TASK INSTRUCTIONS:
Which lines run from the one containing "1970s Lady Extra" to the end of the records? Write them out exactly, both ends included, and nothing else.

(RECORDS TO PROCESS)

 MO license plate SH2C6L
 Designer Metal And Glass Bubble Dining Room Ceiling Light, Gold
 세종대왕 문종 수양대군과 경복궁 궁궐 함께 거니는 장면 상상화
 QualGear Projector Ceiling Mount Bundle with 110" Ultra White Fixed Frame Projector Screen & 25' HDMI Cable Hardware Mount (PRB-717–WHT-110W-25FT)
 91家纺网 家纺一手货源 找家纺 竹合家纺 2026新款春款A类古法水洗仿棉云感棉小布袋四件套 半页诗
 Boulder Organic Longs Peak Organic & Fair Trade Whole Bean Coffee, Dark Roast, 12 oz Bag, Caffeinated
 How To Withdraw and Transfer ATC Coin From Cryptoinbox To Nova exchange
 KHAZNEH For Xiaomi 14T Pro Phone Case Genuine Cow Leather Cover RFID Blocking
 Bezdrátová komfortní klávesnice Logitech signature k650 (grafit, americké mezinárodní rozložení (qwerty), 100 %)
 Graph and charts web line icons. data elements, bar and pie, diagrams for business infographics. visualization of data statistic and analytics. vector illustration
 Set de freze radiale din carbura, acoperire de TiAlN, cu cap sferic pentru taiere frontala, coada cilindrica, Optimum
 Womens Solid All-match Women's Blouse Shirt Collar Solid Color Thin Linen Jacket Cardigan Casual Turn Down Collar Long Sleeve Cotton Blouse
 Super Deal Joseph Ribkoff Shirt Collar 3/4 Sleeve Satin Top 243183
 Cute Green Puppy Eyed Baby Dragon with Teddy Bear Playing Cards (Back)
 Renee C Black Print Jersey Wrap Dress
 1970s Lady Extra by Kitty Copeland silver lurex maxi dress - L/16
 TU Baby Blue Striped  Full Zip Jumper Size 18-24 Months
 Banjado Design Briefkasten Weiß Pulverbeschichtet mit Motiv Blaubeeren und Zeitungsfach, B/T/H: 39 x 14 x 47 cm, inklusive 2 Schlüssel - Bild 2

(End RECORDS TO PROCESS)

SOLUTION TO THIS TASK:
 1970s Lady Extra by Kitty Copeland silver lurex maxi dress - L/16
 TU Baby Blue Striped  Full Zip Jumper Size 18-24 Months
 Banjado Design Briefkasten Weiß Pulverbeschichtet mit Motiv Blaubeeren und Zeitungsfach, B/T/H: 39 x 14 x 47 cm, inklusive 2 Schlüssel - Bild 2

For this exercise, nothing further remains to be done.